Red and white. Two colours that contrast starkly on so many levels but two colours that work wonderfully well together and that have long been used to create striking quilts of timeless beauty. When I read that SewCalGirl was making 2014 “The Year of Red and White Challenges” I was intrigued and started thinking about how I could make a red and white quilt of my own design.
The current challenge is Design It! and this is the perfect starting point for me, a good chance to play with design ideas, to come up with a quilt design that really inspires me and makes me want to get sewing.
Because I have been working so much with my butterfly designs of late I couldn’t help but start by playing with one of those designs. Recreating the design in red and white, butterflies of different sizes fluttering about on a plain background, interspersed with octagonal QAYG blooms, all in subtly varying shades of red.
Much and all as I love this design I could not help but think it was a rehash or reworking of the type of design I was planning for my Liberty butterflies and so I sat down to plan once more. I still took much inspiration from my initial idea, from the octagonal shape of the QAZY blooms, from the EPP construction of the butterflies and from the different shapes employed in their making. After playing around with some vector drawings in Inkscape I came up with a starting design that was to be the basis of my red and white quilt blocks.
The next step was to design a quilt layout. At this stage I transferred my design to EQ7 so that I could redraw it as a quilt block and use it within different layout. I finally decided on a design that featured and highlighted the block in the central panel of the quilt, but also in the borders on a smaller scale. By decreasing the number of octagonal “rings” in the core design it was possible to create scaled versions of the block.
Once I had decided on the quilt layout I began to play around with small changes to the block design that resulted in quite major changes to the overall design. In the initial design the rays between each successive octagonal “ring” in the block ran in opposite directions resulting in the fractured design. By changing the rays so that they always ran in the same direction the result was either a clockwise of anticlockwise twist that could be used on their own or together to give interesting quilt designs.
With the addition of extra rays to the initial design so that each octagonal ring was more highly fragmented the design became more lotus-like.
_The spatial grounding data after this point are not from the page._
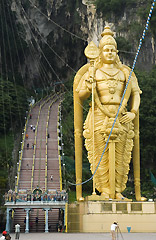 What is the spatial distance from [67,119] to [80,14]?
12800 millimetres

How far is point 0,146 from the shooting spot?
30672 millimetres

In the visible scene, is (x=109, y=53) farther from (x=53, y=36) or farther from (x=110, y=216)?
(x=53, y=36)

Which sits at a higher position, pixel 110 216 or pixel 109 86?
pixel 109 86

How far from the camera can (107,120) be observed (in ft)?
50.6

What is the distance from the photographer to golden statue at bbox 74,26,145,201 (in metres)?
15.3

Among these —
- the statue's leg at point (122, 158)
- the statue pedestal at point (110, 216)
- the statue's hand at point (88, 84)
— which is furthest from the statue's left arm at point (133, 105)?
the statue pedestal at point (110, 216)

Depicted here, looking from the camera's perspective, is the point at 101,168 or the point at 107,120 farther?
the point at 101,168

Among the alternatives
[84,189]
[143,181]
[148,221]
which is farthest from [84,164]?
[148,221]

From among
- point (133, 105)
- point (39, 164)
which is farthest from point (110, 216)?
point (39, 164)

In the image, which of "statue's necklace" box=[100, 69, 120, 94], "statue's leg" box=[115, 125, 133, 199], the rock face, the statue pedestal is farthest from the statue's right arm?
the rock face

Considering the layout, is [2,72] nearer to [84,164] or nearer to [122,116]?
[84,164]

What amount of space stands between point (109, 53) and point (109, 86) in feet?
4.01

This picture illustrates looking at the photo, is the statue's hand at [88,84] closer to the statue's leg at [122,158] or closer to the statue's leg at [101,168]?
the statue's leg at [101,168]

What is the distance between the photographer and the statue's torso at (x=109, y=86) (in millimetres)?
15727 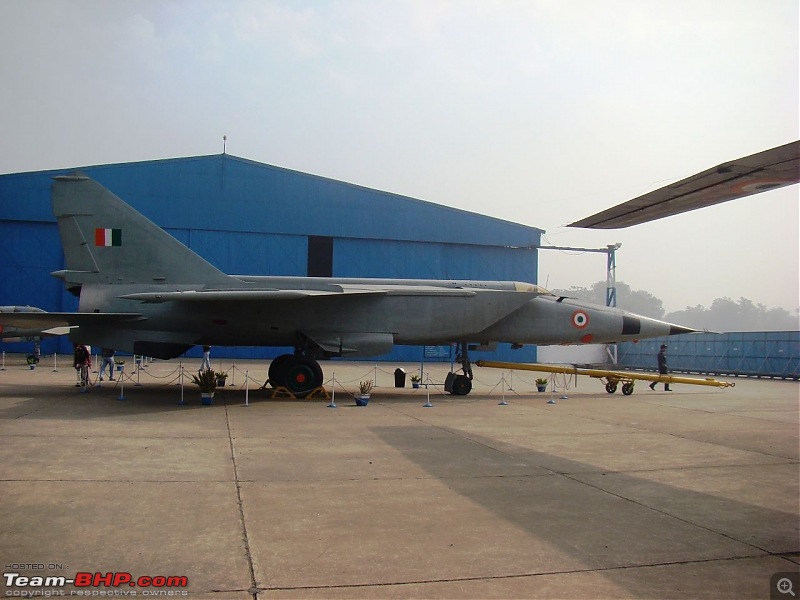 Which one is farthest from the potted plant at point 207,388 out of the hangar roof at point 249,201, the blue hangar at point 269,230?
the hangar roof at point 249,201

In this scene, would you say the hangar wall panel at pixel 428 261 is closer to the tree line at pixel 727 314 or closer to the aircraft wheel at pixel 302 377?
the aircraft wheel at pixel 302 377

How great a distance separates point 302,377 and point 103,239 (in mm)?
5281

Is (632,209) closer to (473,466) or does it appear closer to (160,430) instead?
(473,466)

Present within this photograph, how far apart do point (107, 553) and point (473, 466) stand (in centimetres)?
414

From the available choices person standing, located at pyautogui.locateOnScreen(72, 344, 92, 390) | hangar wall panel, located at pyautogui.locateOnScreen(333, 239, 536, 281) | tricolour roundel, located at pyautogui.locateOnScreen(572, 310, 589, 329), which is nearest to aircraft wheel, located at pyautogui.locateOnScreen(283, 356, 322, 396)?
person standing, located at pyautogui.locateOnScreen(72, 344, 92, 390)

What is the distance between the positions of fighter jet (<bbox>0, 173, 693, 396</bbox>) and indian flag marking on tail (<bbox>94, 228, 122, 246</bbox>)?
0.07 feet

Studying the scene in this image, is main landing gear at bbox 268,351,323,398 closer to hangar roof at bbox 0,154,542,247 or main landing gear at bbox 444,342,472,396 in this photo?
main landing gear at bbox 444,342,472,396

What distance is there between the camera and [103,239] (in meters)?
13.9

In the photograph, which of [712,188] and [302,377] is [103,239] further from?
[712,188]

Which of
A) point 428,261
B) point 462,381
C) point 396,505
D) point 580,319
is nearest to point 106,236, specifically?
point 462,381

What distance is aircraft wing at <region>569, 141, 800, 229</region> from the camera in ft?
16.0

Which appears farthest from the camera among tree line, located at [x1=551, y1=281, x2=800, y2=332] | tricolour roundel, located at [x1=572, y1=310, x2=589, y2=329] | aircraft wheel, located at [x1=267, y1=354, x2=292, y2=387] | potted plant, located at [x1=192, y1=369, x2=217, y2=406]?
tree line, located at [x1=551, y1=281, x2=800, y2=332]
All of these designs rely on the shapes that are formed as each octagonal ring is divided up and as such all were designed to be pieced primarily using English Paper Piecing.
In my initial layouts the central blocks were 12” with the pieced borders 2” and 4”, separated by 0.5” sashing. Using blocks of these sizes would have resulted in lap quilts of 48” square. However, this would have meant that pieces in the 2” pieced blocks would have been quite tiny and while I do not generally have a problem working with minute EPP pieces they are quite time consuming and somewhat fabric limiting as only the light weight fine weave cottons are really suitable.
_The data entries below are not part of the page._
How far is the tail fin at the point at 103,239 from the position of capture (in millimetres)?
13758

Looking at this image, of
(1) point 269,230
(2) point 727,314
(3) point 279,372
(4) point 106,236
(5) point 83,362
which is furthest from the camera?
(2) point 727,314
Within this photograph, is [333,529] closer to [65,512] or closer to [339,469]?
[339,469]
The final quilts now finish at 80.5″ square with each of the large central blocks finishing at 24″ square and the two borders at 4″ and 8″. EQ7 estimates that with a 0.5″ seam allowance (allowing extra for cutting EPP pieces) it would take approximately 8.5 yards of white fabric and 5.5 yards of red to make each of these quilts.
My next challenge will be to find the perfect fabrics with which to make one of these quilts for Phase 3 of the Challenge, Make It!